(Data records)
◆ ◆ ◆ ◆ ◆ ◆ ◆

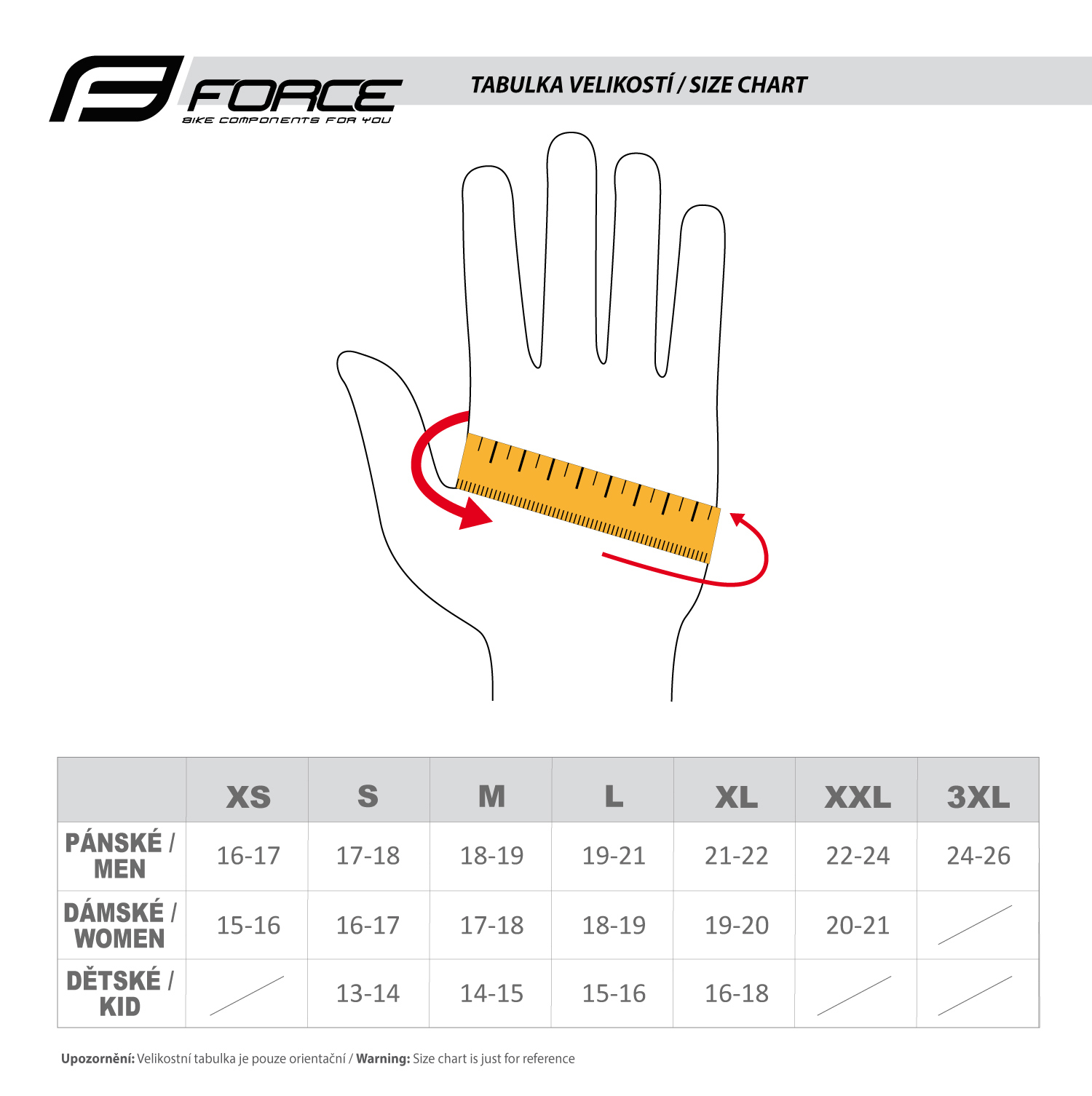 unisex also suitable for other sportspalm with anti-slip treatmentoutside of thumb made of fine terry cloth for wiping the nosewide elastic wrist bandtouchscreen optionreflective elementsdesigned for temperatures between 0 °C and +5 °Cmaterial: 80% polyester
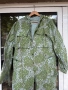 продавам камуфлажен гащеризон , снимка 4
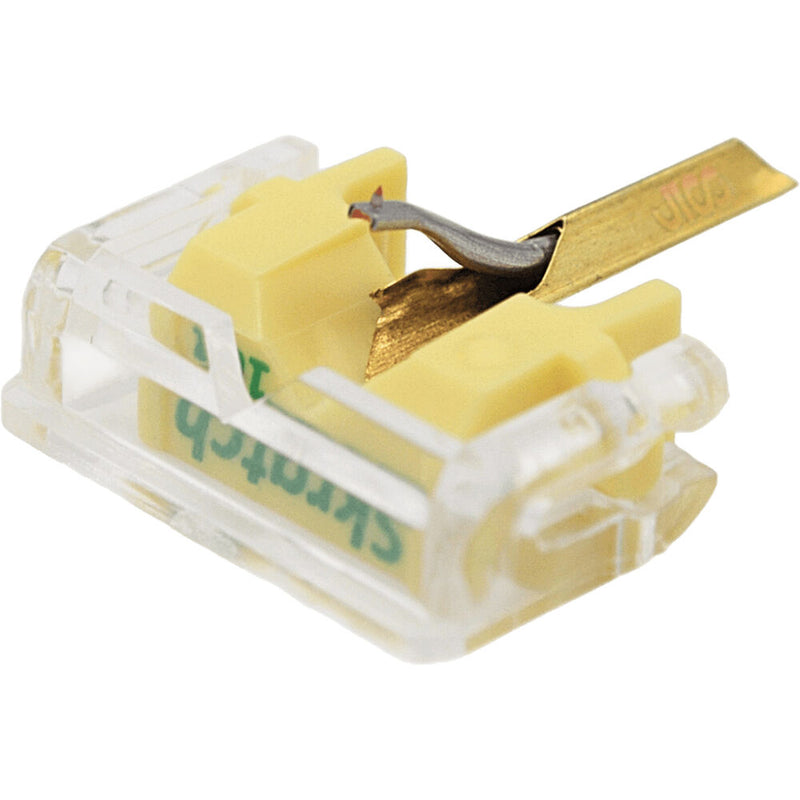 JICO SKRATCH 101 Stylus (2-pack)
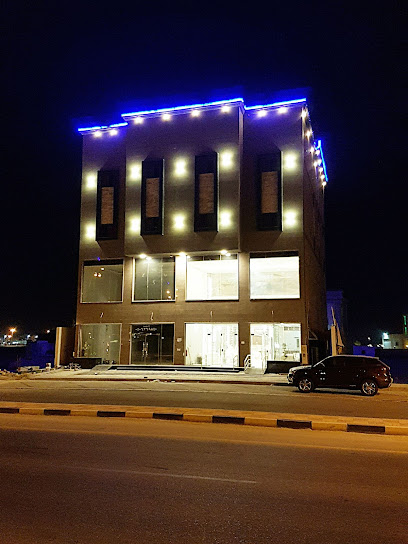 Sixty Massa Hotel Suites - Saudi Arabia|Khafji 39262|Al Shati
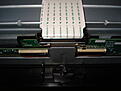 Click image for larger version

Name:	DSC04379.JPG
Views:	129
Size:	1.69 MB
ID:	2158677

◆ ◆ ◆ ◆ ◆ ◆ ◆

### ACTIVITY
Retype, word for word, the line containing "JICO SKRATCH 101 Stylus (2-pack)" and each line after it through the end of the data, leaving any picture out.

### EXERCISE RESPONSE
 JICO SKRATCH 101 Stylus (2-pack)
 Sixty Massa Hotel Suites - Saudi Arabia|Khafji 39262|Al Shati
 Click image for larger version

Name:	DSC04379.JPG
Views:	129
Size:	1.69 MB
ID:	2158677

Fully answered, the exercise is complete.